De Gea might just have played himself out of that new contract. Maguire did nothing to halt the narrative that continues to swirl around him. But they were merely the most obvious and overtly, cartoonishly bad performances on a night utterly full of them. Antony’s occasional attempts to make something happen in the first half were just about the only admirable, the only non-sh*t thing about it.
United already have the Carabao in the trophy cabinet and would need a startling collapse to miss out on the top four, but there is a serious danger now of the season ending rather glumly after promising so much. Quadruple talk was always guff – and in fairness guff that almost never emanated from United or its players or manager or supporters – but the chance of winning three knockout trophies was very much on.

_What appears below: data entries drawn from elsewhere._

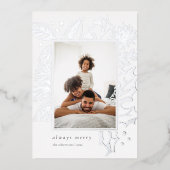  afval | Verticale fotozilver Folie Feestdagenkaart (Voorkant)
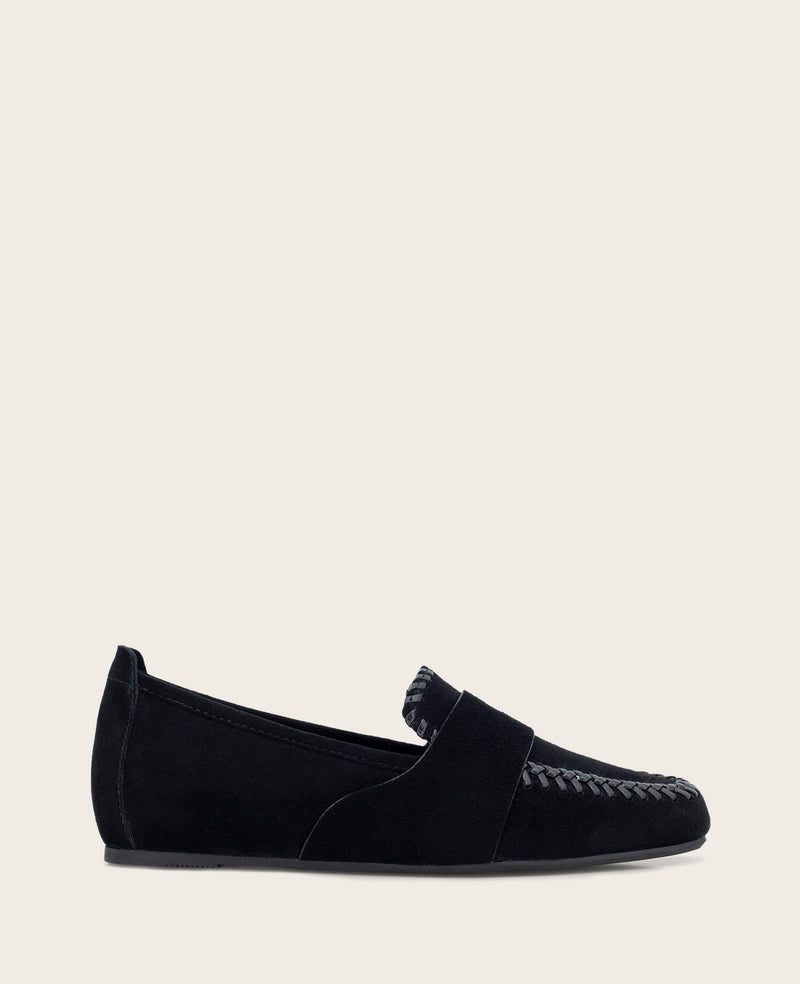 Sandra Suede Braid Detail Loafer Black | Gentle Souls by KC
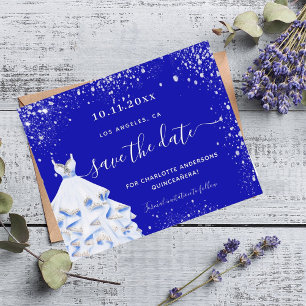 Quinceanera royal blue dress save the date card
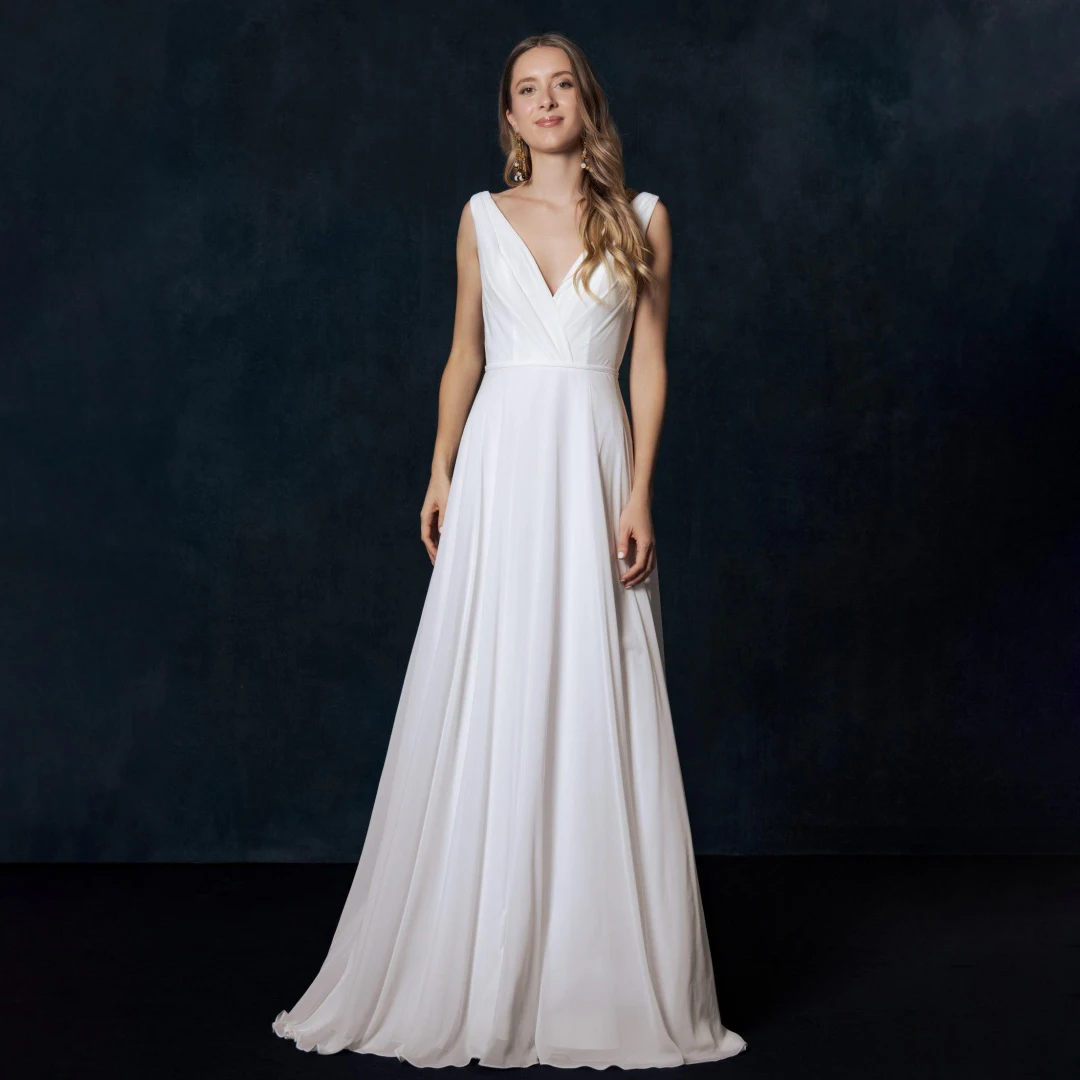 

Simple Soft V-neck Sleeveless Wedding Dresses High Quality Chiffon Pleat Ruffles A-line Floor-Length Classic Formal Evening Gown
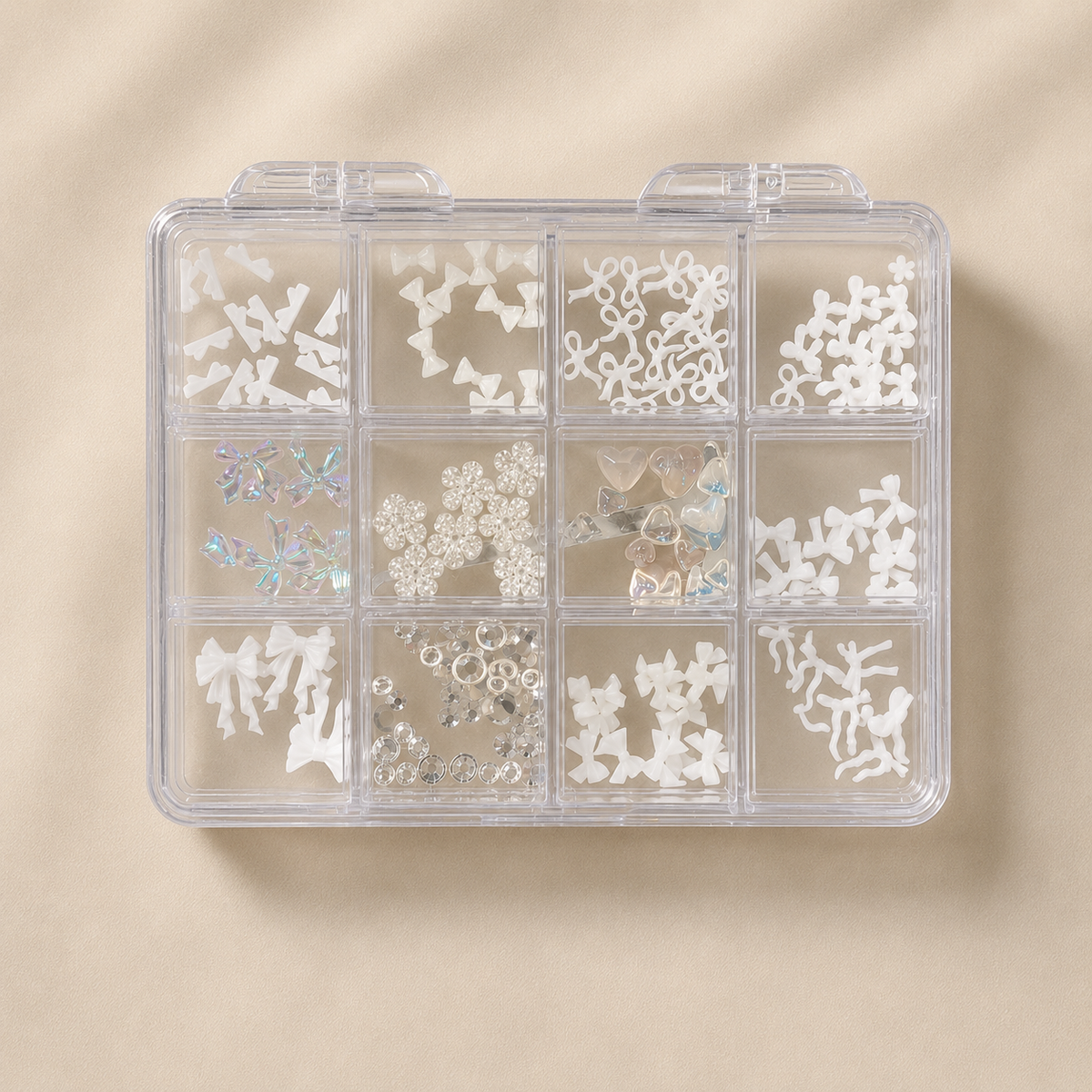 White Nail Art Decoration Box | Mixed 12 Grid 3D Decoration for Nail Art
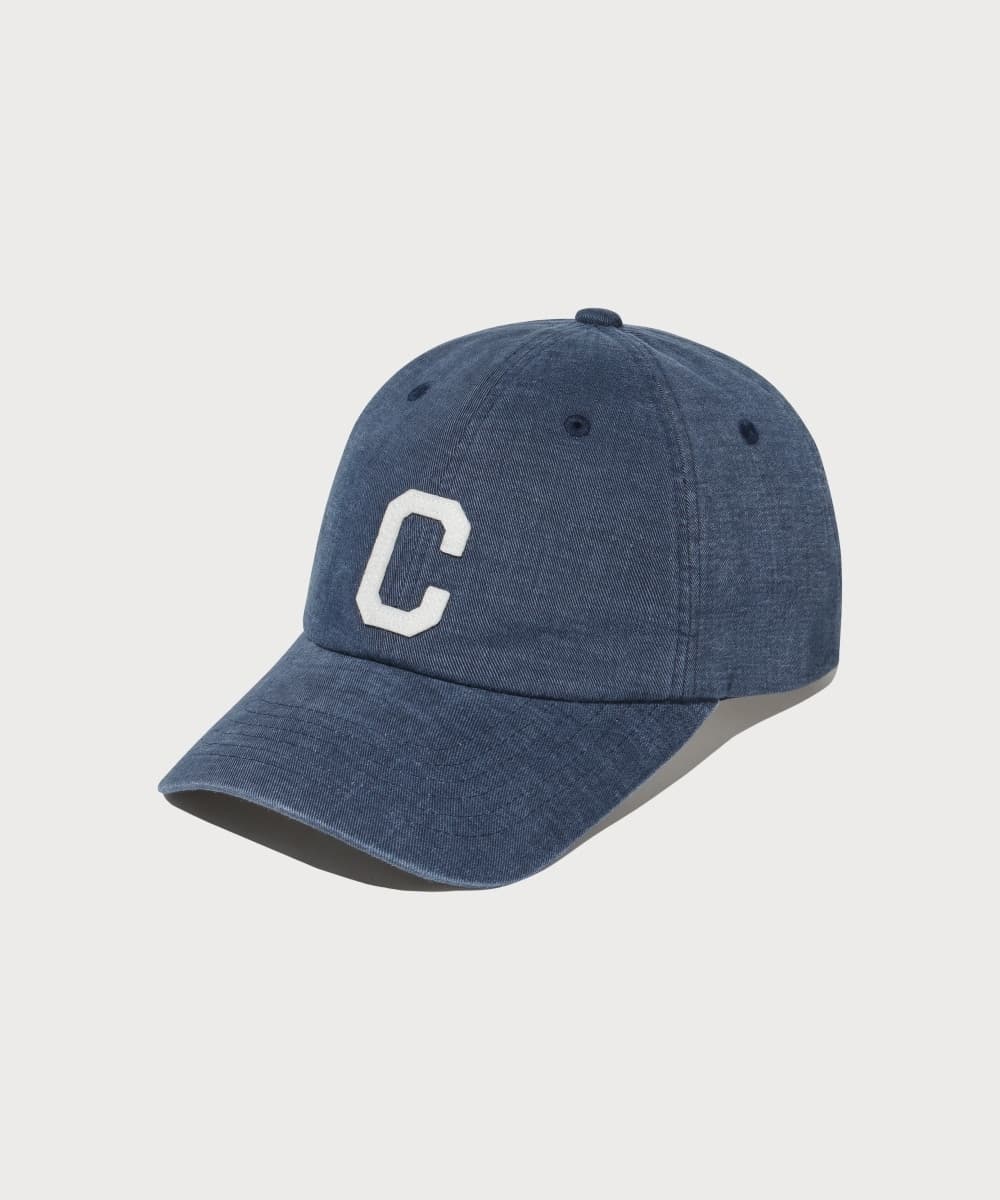 C로고 코지 핏 워싱 볼캡 Navy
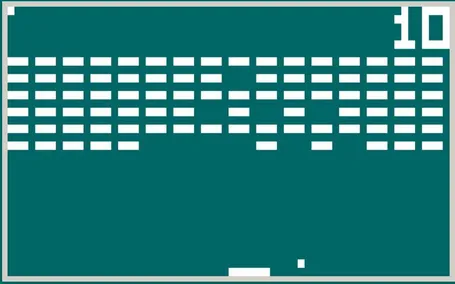 A screenshot of the game "Brix" playing on the emulator.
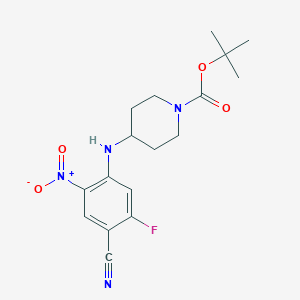 molecular formula C17H21FN4O4 B12319578 tert-Butyl 4-(4-cyano-5-fluoro-2-nitrophenylamino)piperidine-1-carboxylate 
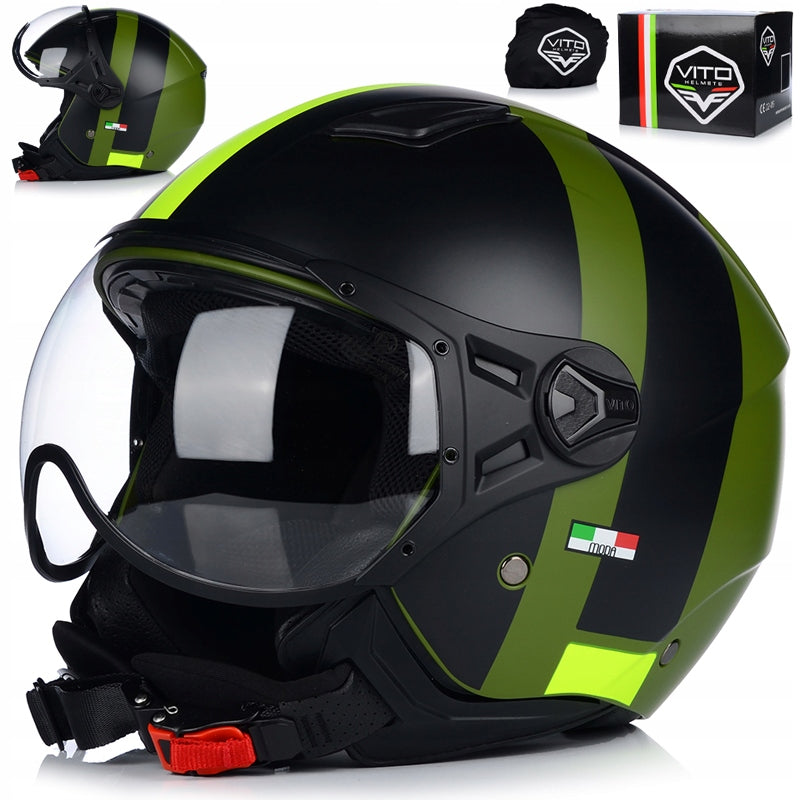 MOTORCYCLE HELMET OPEN | VITO FASHION RETRO MAT | SCOOTER CHOPPER ECE 22.06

Now it’s all at risk. Brighton certainly won’t be quivering ahead of the weekend’s FA Cup semi-final after watching this game, while another performance like this next week from United and even Spurs might fancy nicking a point.
The myriad individual errors were obviously the most immediately concerning element of this display, but it might ultimately be the general apathy and lethargy that proves more concerning. It’s not that United got knocked out by a Sevilla side that has won this tournament once every three years on average over the last 18 years (our favourite Sevilla stat, by the way, is that they have won the Europa League only one time fewer than they’ve won the City of Seville Trophy and we now have everything crossed that this tally is about to draw level) but that United never once looked capable of getting themselves back into the tie once it started to drift away from them.
They offered so very little and made life as easy for Sevilla as Sevilla made life hard for them. The two teams produced such diametrically opposed performances in every meaningful way that it was hard by the end to conclude they were even attempting to play the same sport.
The final month of this season will be played at breakneck pace with games coming round absurdly quickly. That means there’s always a chance to put things right just around the corner. But that’s a hopelessly glass-half-full reading of United’s situation after this horror show, one which leaves all those fast-appearing matches to come looking at this stage like little more than further opportunity for humiliation.